> [Assignment]:
In the listing below, print exactly the lines between the line holding "Huzurevinde yetiştirilen kabaklarla" and the line holding "Mules Loutsian - Camel", inclusive, and no more.

> [Provided records]:
▶

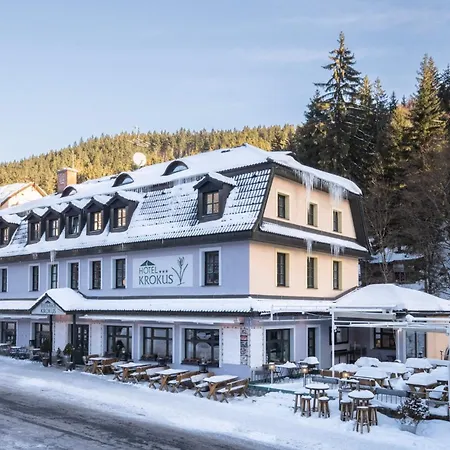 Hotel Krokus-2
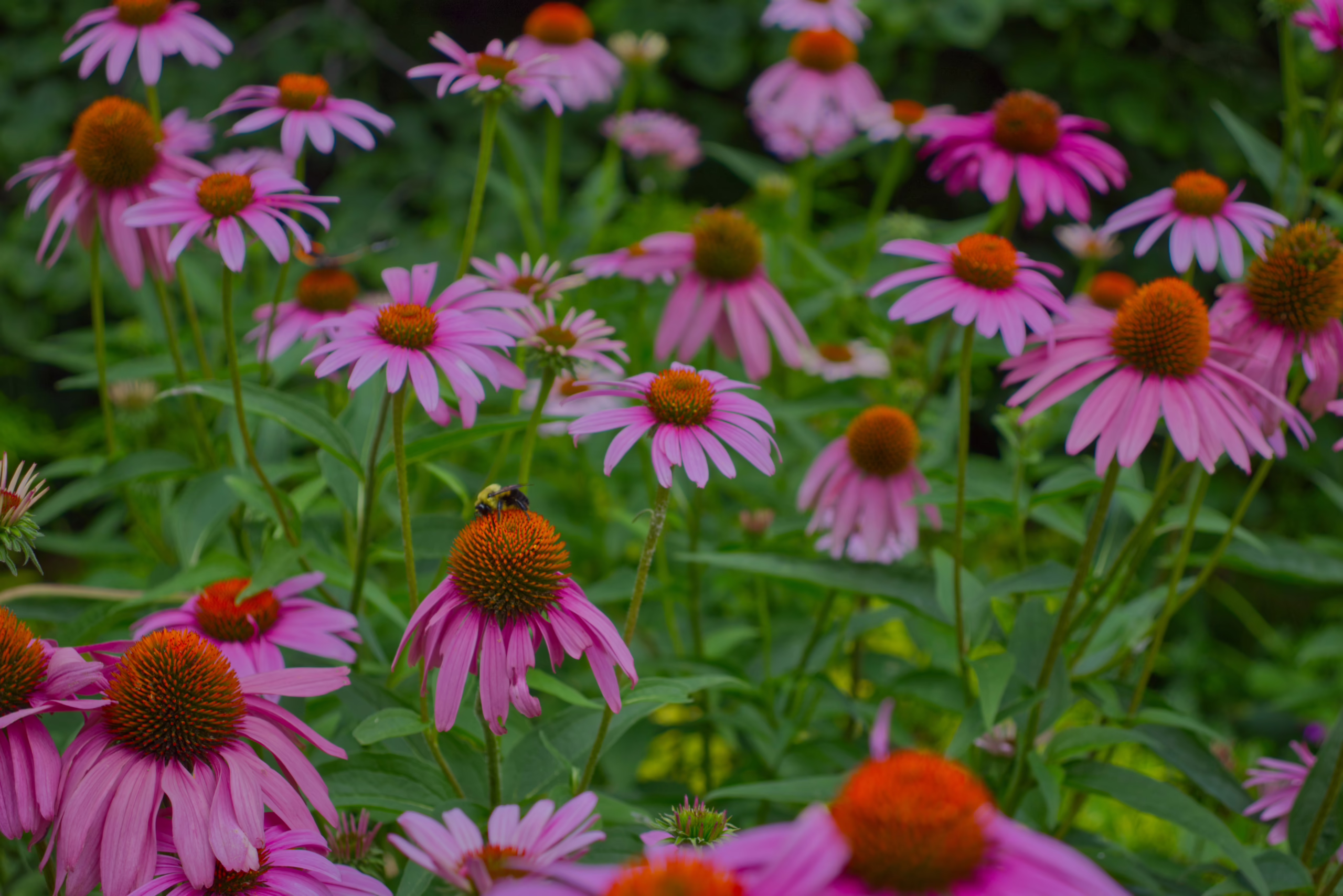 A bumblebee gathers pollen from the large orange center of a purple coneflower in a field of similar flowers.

◀
▶

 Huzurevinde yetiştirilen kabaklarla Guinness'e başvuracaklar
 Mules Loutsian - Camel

◀

> [Output of the task]:
 Huzurevinde yetiştirilen kabaklarla Guinness'e başvuracaklar
 Mules Loutsian - Camel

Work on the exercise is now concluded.